All of those business units are populated by different experts with different priorities and expectations. A successful digital twin must connect not only the systems, but to some extent, the people as well.

“People must first communicate to ensure alignment and common understanding- then you can connect technology,” Canzani says. “A twin is an end-to-end system, which comprises many different technologies. Usually, organizations are strong in one of three key areas: manufacturing, IT, or analytics. When you bring the three together, the real value is added.”

Reusable and scalable

“Ideally, you don't develop a digital twin as a one-off project,” says Stas. “The solution can be scalable and adaptable to different processes. You build the twin for one production line, and later when you introduce a new product, you can reuse the framework and optimize production from the get-go with the twin.”

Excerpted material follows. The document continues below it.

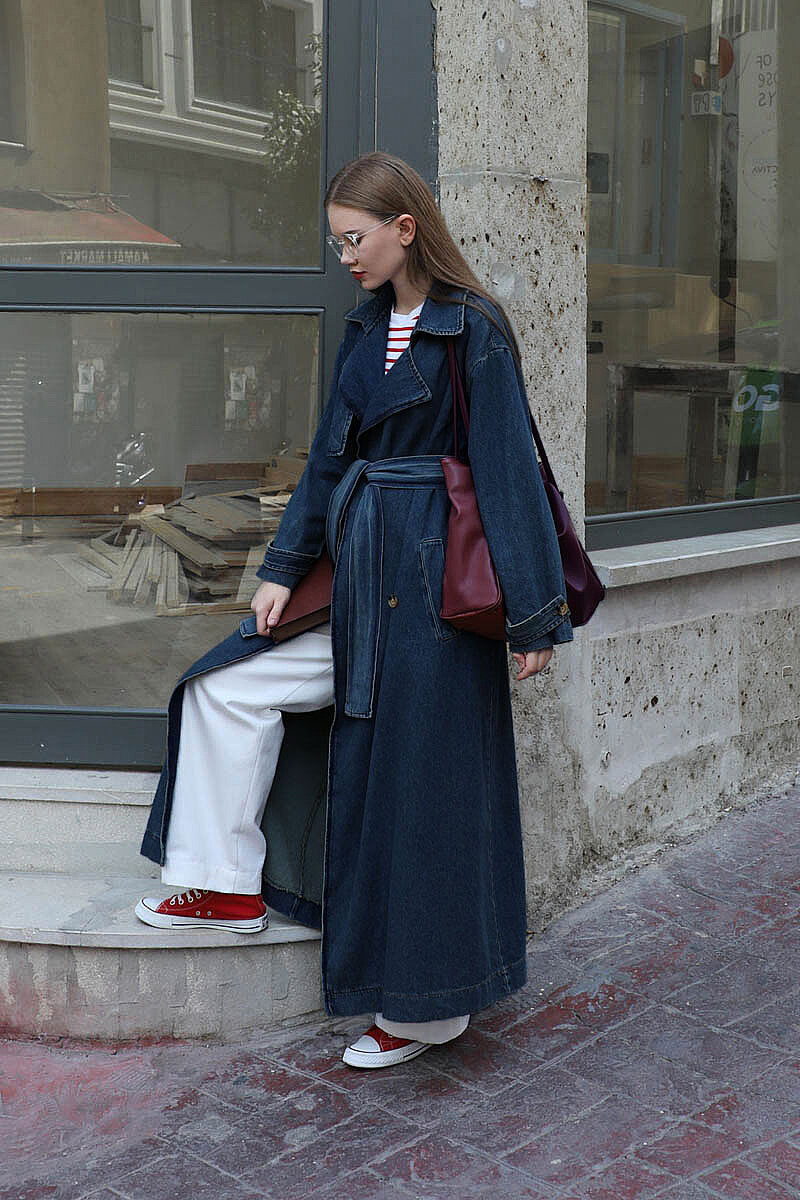 Oversize Denim Trençkot Koyu Mavi - 6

Cognizant developed TwinOps with that in mind. That's a platform that consists of building blocks for data processing and analysis, modelling, pipelines for training and deployment, validation, and monitoring. Those building blocks can be reused across digital twins, providing a sustainable and scalable link between data and models. “TwinOps, besides being a framework with best development practices for digital twins, is a Python-based package of customizable components and building blocks for standardized, compliant, and repeatable workflows,” Canzani clarified.

Broad knowledge

Furthermore, according to Stas, Cognizant has a holistic understanding of the challenges across all domains involved in implementing a digital twin. “We know where the challenges are and the bottlenecks are located,” he says. “We can make a good assessment of whether the investment is worth its money, and what makes a realistic business case.”

Stas continues, “You need vendor-agnostic knowledge for a proper assessment of relevant technologies, with a deep understanding of rules and standards, and of course cyber security.”

Worth millions

An investment in an actual digital twin will pay for itself in the long run. “A digital twin can improve process yield by ten percent. Within life science manufacturing, in some cases, such yield improvement corresponds to saving up 400 million euros per year,” Canzani justifies.

Still, don't start big right away. “The beginning of every trajectory is an assessment of the maturity of the organization,” Canzani knows. “Along the assessment, we look for a use case that is already 'advanced enough', which means there is data available and a good understanding of the underlying processes to model with the twin.”

“Then we build a digital twin as proof of concept,” Canzani continues. “We start small scale, but we build the twin with an architecture that supports real-time usage and scalability by design. The workflows must be automated and repeatable as per TwinOps best practices.” Such a small rollout will immediately add value and show that the investment is worth the money. She continues, “Based on a first ‘quick-win' use case as such, we can build confidence for stakeholders to clearly realize feasibility and potentials. We can then scale up the project, while also rolling out others to other use cases.”